> **WHAT IS BEING ASKED**
Copy the lines below, please, starting with the one that contains "Adam and Eve" and ending with the last. Pictures stay out.

[MATERIAL PROVIDED Boundary: Start]

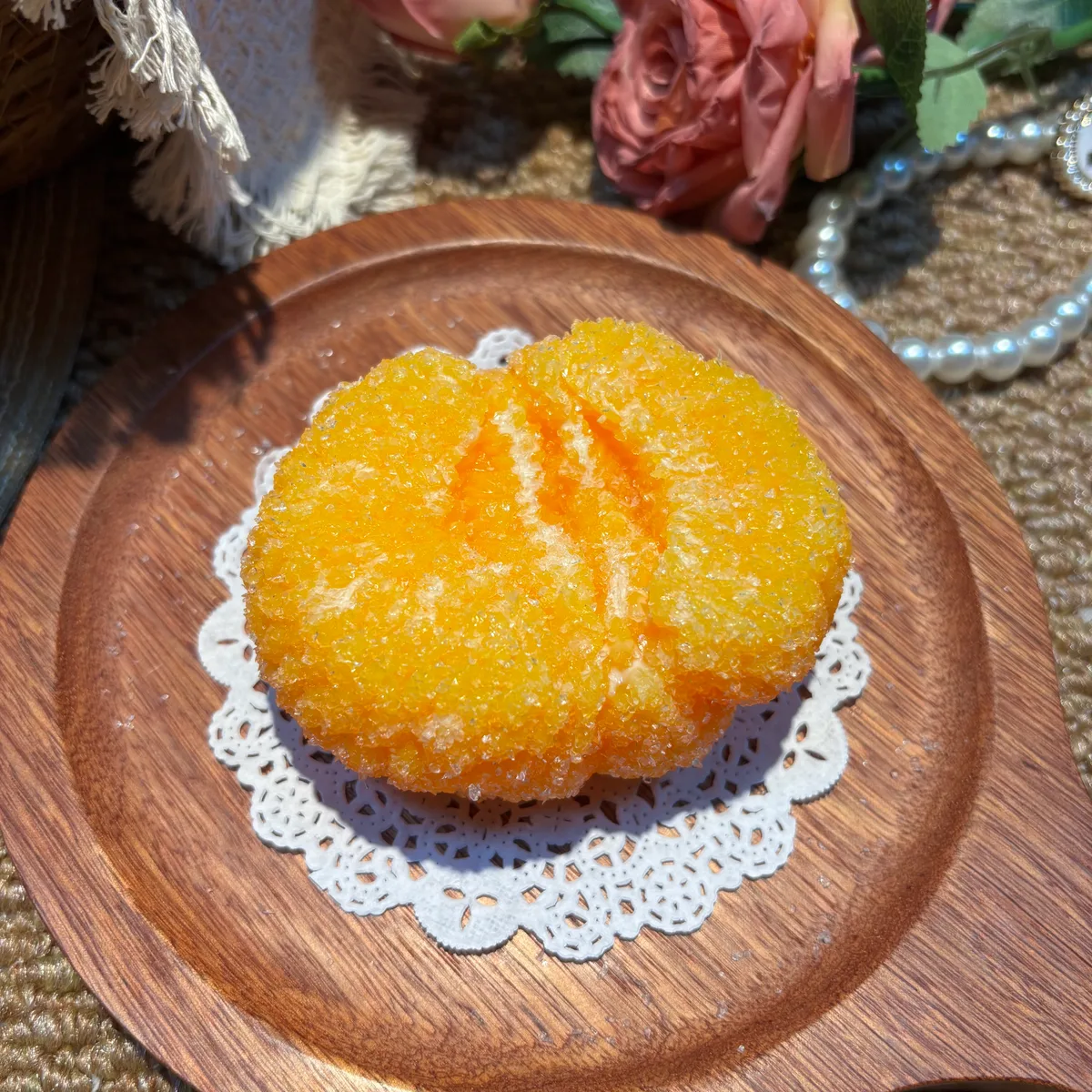 Big Tangerine Segments Squishy Toy - image 1
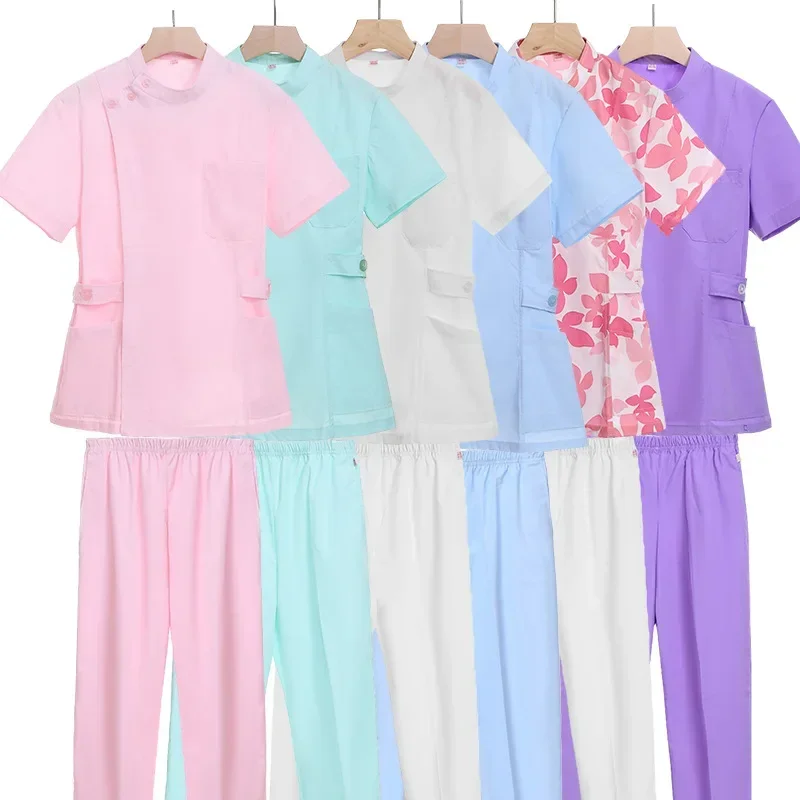 

Pharmacy Pet Hospital Nurse Uniform Scrubs Set Dentistry Doctor Overalls Lab Coat Spa Uniform Medical Surgical Uniforms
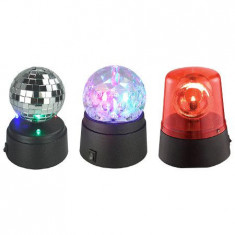 Set PARTY 3 efecte LED glob disco cu oglinzi glob disco girofar Party Light & Sound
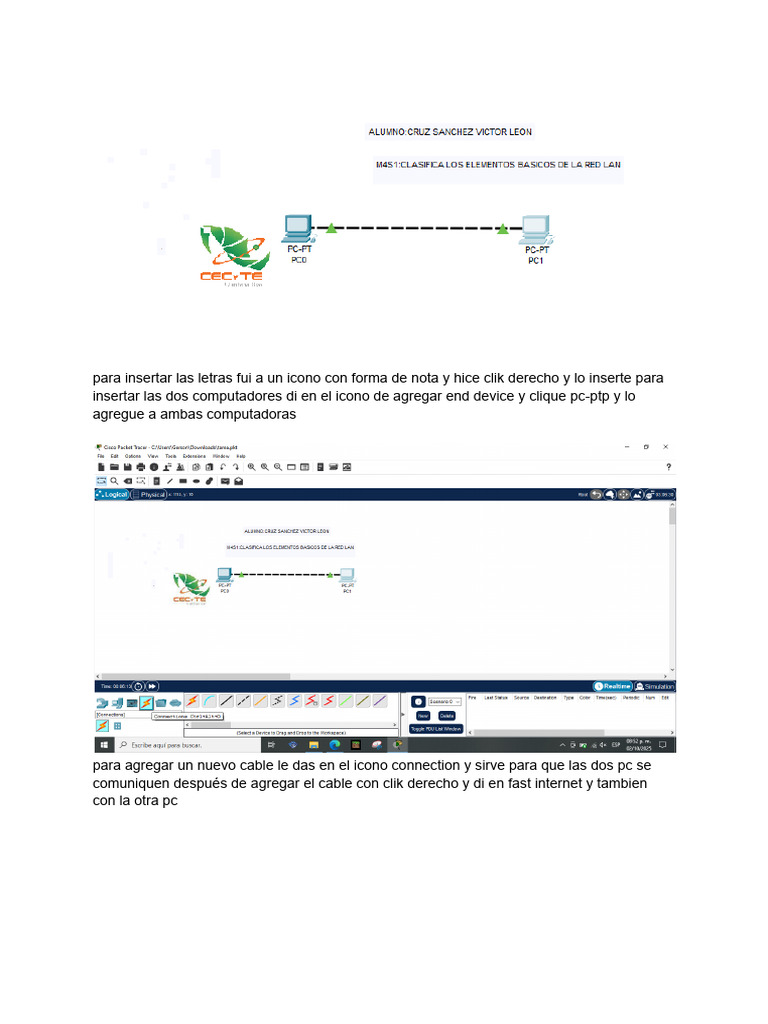 5c Tsmec Cruzsanchez Ms4 s2 | PDF | Enrutador (Computación ...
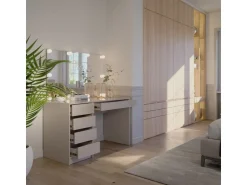 Vicco Schminktisch Sherry Cashmere 120 cm mit Spiegel & LED-Beleuchtung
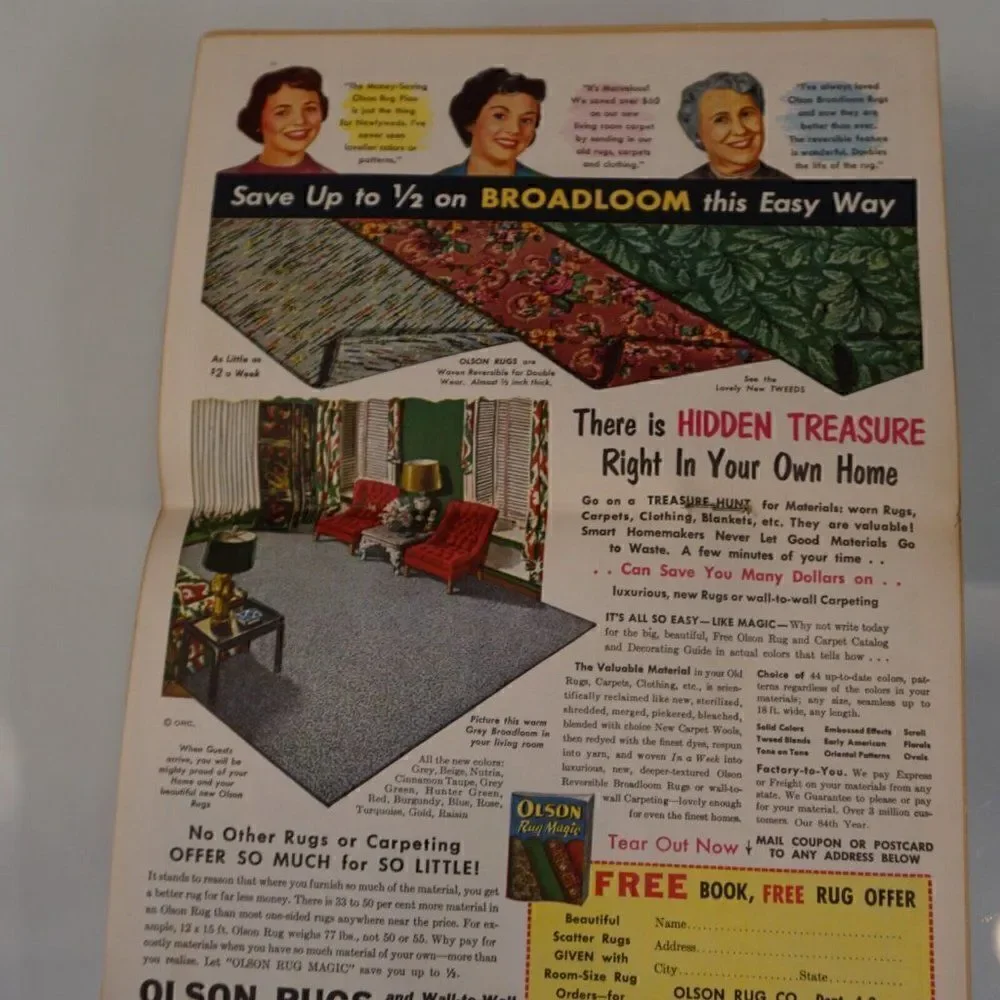 2 Issues The Workbasket Magazine 1958 Vintage Publication Home and Needlecraft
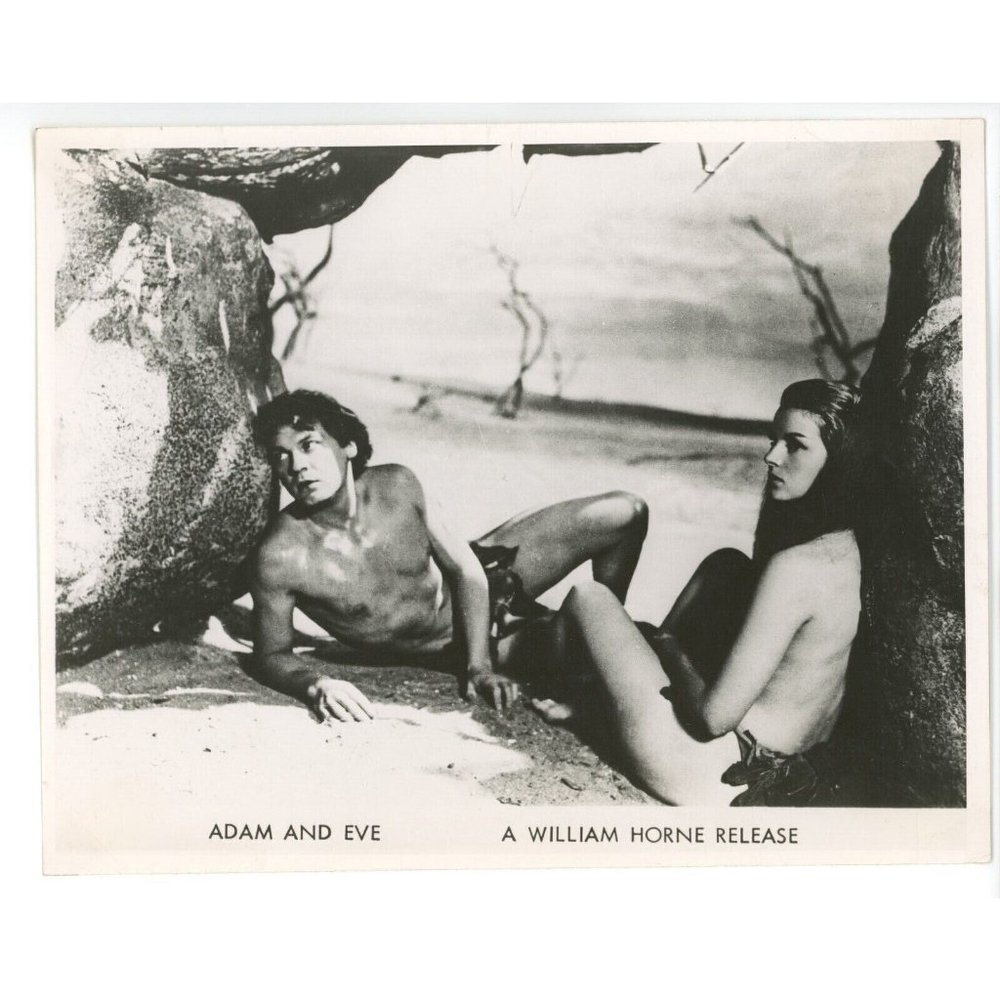 Adam and Eve Movie Press 8x10 1958 Photo William Horne Christiane Martel Vintage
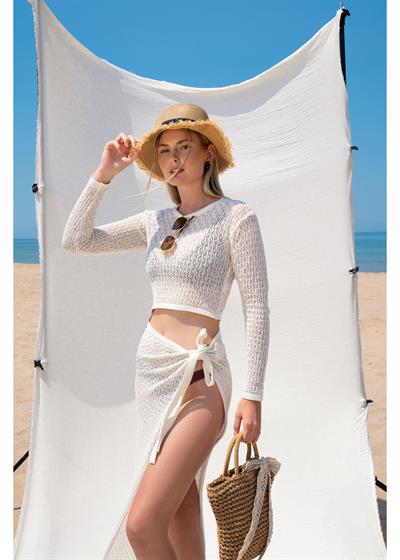 Uzun Kollu Ajurlu Bluz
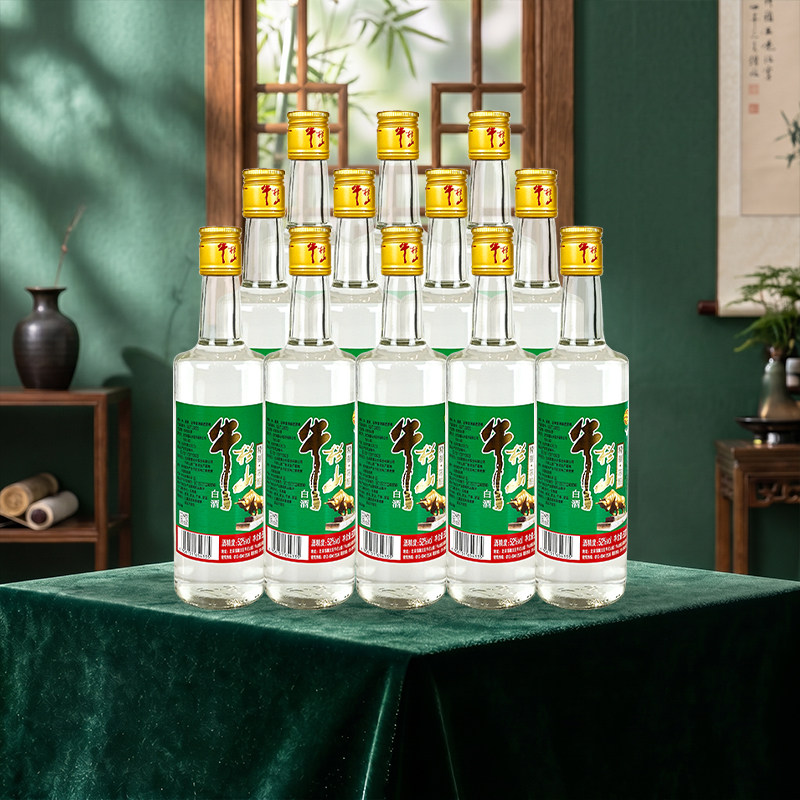 牛栏山精制陈酿52度酒 北京二锅头浓香风格500ml*12 整箱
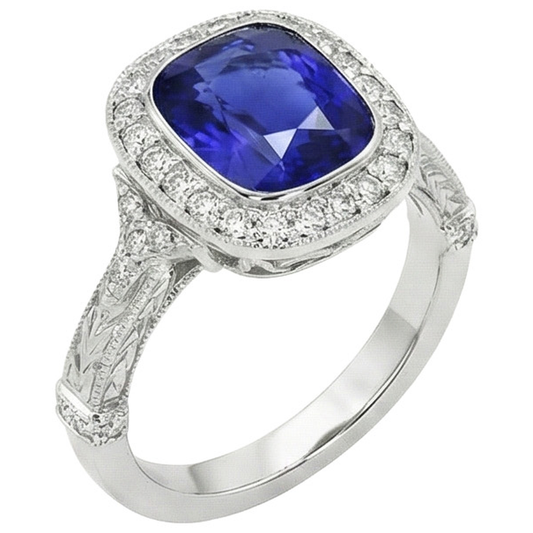 echter round diamant 8Karat ring Vorderansicht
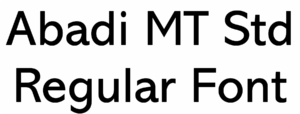 Abadi MT Std Regular Font Download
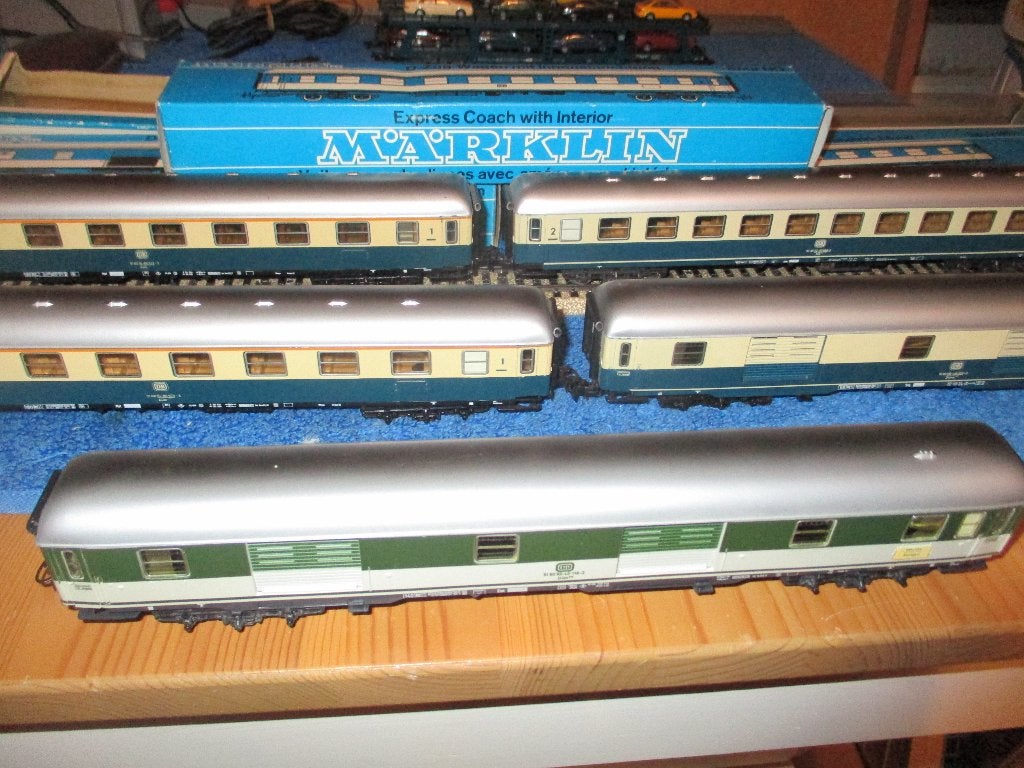Marklin 5 wagons voyageurs, Ophalen of Verzenden, Gebruikt, Wagon, Märklin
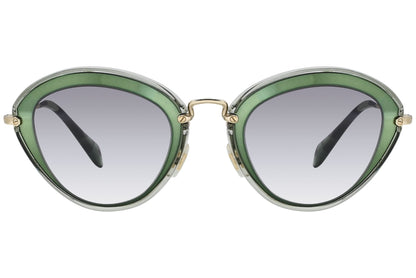 Miu Miu Cat-eye Green Sunglasses Model: SMU51R-UFC-1E0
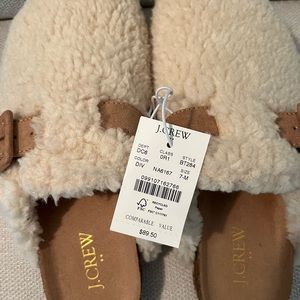 J.Crew Shearling Clog Slipper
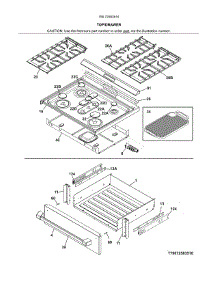 Top / Drawer parts for Kenmore Range 790.72583514 (79072583514, 790 72583514) from AppliancePartsPros.com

[MATERIAL PROVIDED Boundary: End]

> **YOUR RESPONSE**
 Adam and Eve Movie Press 8x10 1958 Photo William Horne Christiane Martel Vintage
 Uzun Kollu Ajurlu Bluz
 牛栏山精制陈酿52度酒 北京二锅头浓香风格500ml*12 整箱
 echter round diamant 8Karat ring Vorderansicht
 Abadi MT Std Regular Font Download
Marklin 5 wagons voyageurs, Ophalen of Verzenden, Gebruikt, Wagon, Märklin
 Miu Miu Cat-eye Green Sunglasses Model: SMU51R-UFC-1E0
 J.Crew Shearling Clog Slipper
 Top / Drawer parts for Kenmore Range 790.72583514 (79072583514, 790 72583514) from AppliancePartsPros.com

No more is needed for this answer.